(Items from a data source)
--

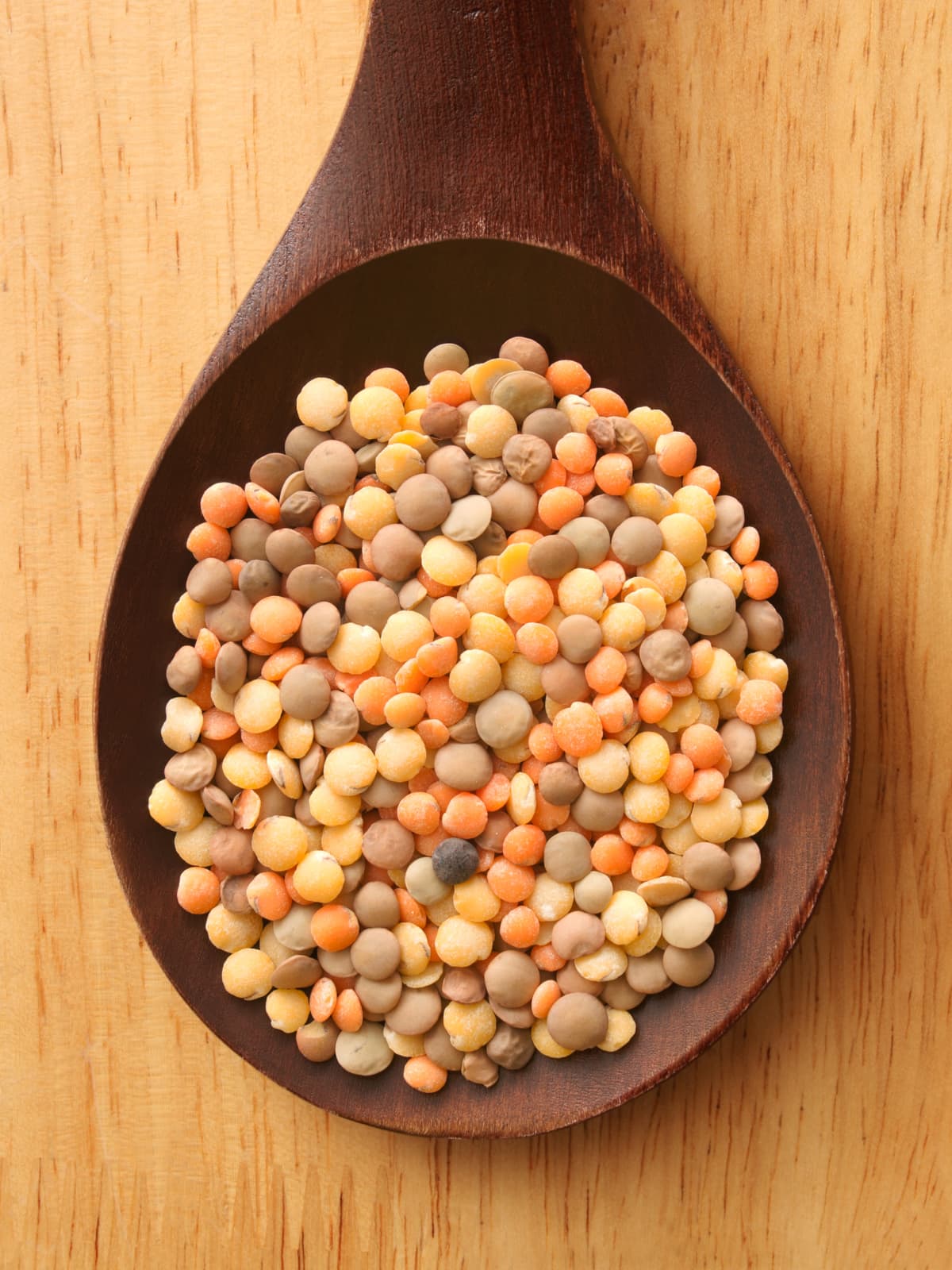 Top view of wooden spoon with mix of raw lentils on it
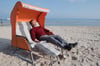 Einfach nur entspannt die Sonne genießen: Jan Müller, Geschäftsführer der Strandkorbfabrik Heringsdorf, zeigt am Strand auf der Insel Usedo einen faltbaren Strandkorb.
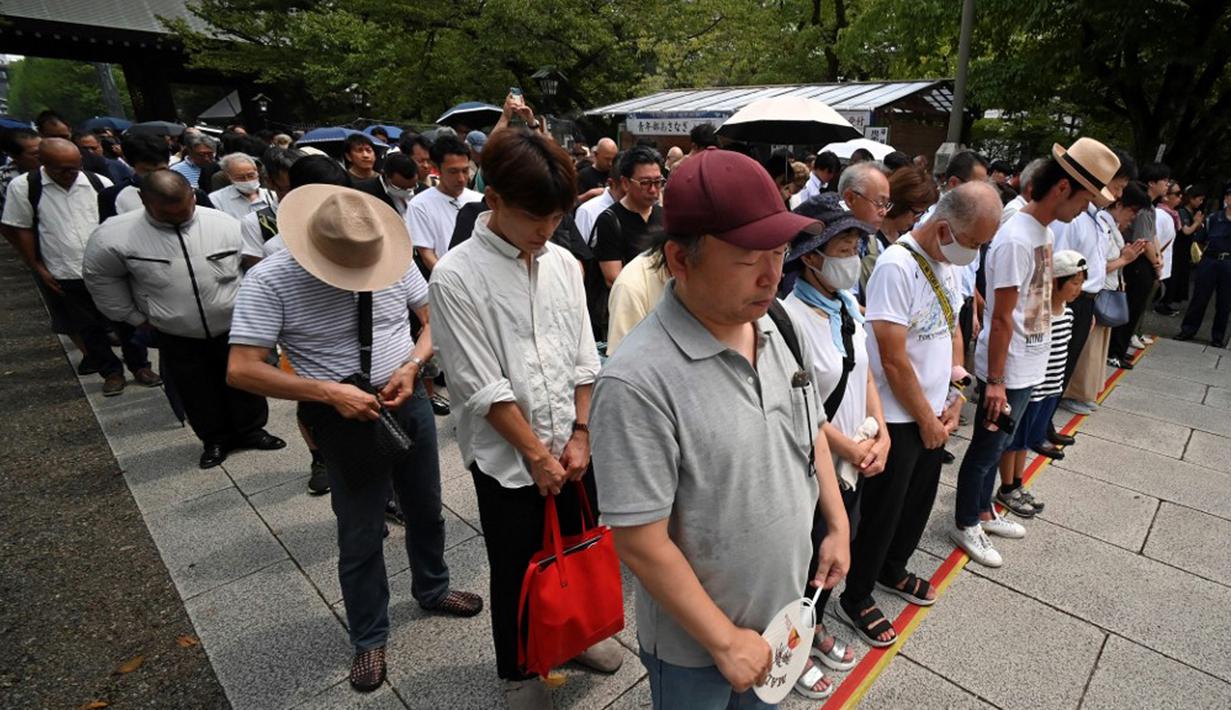 Orang-orang berhenti sejenak untuk mengheningkan cipta saat mereka mengantre untuk memberikan penghormatan ketika berkunjung ke Kuil Yasukuni di Tokyo, Jepang, Selasa (15/8/2023). Aksi tersebut untuk memperingati 78 tahun penyerahan Jepang kepada Sekutu dalam Perang Dunia II tahun 1945. (Kazuhiro NOGI/AFP)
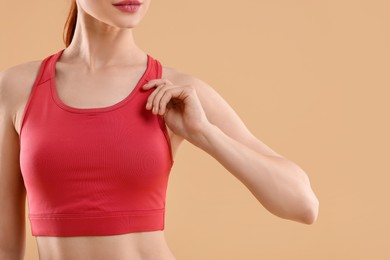 Photo of Young woman in sportswear on beige background, closeup. Space for text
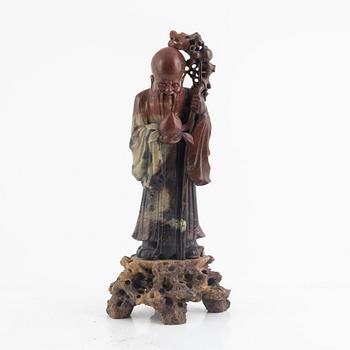 A Chinese soapstone figure of Shoulao, 20th century.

--

### WORK TASK
Reproduce the data above word for word and omit the images.

### WRITTEN SOLUTION
 Top view of wooden spoon with mix of raw lentils on it
 Einfach nur entspannt die Sonne genießen: Jan Müller, Geschäftsführer der Strandkorbfabrik Heringsdorf, zeigt am Strand auf der Insel Usedo einen faltbaren Strandkorb.
 Orang-orang berhenti sejenak untuk mengheningkan cipta saat mereka mengantre untuk memberikan penghormatan ketika berkunjung ke Kuil Yasukuni di Tokyo, Jepang, Selasa (15/8/2023). Aksi tersebut untuk memperingati 78 tahun penyerahan Jepang kepada Sekutu dalam Perang Dunia II tahun 1945. (Kazuhiro NOGI/AFP)
 Photo of Young woman in sportswear on beige background, closeup. Space for text
 A Chinese soapstone figure of Shoulao, 20th century.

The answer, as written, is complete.